(Short descriptive text snippets)
--*--
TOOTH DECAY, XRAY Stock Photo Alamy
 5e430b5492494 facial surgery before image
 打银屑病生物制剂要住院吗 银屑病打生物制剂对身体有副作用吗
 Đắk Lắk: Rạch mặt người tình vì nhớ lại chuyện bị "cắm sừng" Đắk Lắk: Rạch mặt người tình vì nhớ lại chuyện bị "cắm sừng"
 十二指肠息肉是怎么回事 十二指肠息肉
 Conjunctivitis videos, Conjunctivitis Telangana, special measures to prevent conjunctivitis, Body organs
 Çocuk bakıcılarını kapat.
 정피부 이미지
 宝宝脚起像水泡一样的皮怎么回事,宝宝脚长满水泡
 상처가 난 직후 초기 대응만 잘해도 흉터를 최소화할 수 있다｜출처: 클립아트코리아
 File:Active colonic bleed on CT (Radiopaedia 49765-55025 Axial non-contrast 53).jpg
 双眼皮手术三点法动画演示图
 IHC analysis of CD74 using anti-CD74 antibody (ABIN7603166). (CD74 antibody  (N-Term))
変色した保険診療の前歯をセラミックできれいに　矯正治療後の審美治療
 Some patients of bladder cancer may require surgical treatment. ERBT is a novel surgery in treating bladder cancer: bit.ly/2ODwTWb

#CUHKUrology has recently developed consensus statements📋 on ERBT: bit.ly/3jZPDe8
--*--
● **Activity**:
What is needed is every line from the start of the entries through the line containing "双眼皮手术三点法动画演示图", returned word for word and nothing else.

● **Written reply**:
TOOTH DECAY, XRAY Stock Photo Alamy
 5e430b5492494 facial surgery before image
 打银屑病生物制剂要住院吗 银屑病打生物制剂对身体有副作用吗
 Đắk Lắk: Rạch mặt người tình vì nhớ lại chuyện bị "cắm sừng" Đắk Lắk: Rạch mặt người tình vì nhớ lại chuyện bị "cắm sừng"
 十二指肠息肉是怎么回事 十二指肠息肉
 Conjunctivitis videos, Conjunctivitis Telangana, special measures to prevent conjunctivitis, Body organs
 Çocuk bakıcılarını kapat.
 정피부 이미지
 宝宝脚起像水泡一样的皮怎么回事,宝宝脚长满水泡
 상처가 난 직후 초기 대응만 잘해도 흉터를 최소화할 수 있다｜출처: 클립아트코리아
 File:Active colonic bleed on CT (Radiopaedia 49765-55025 Axial non-contrast 53).jpg
 双眼皮手术三点法动画演示图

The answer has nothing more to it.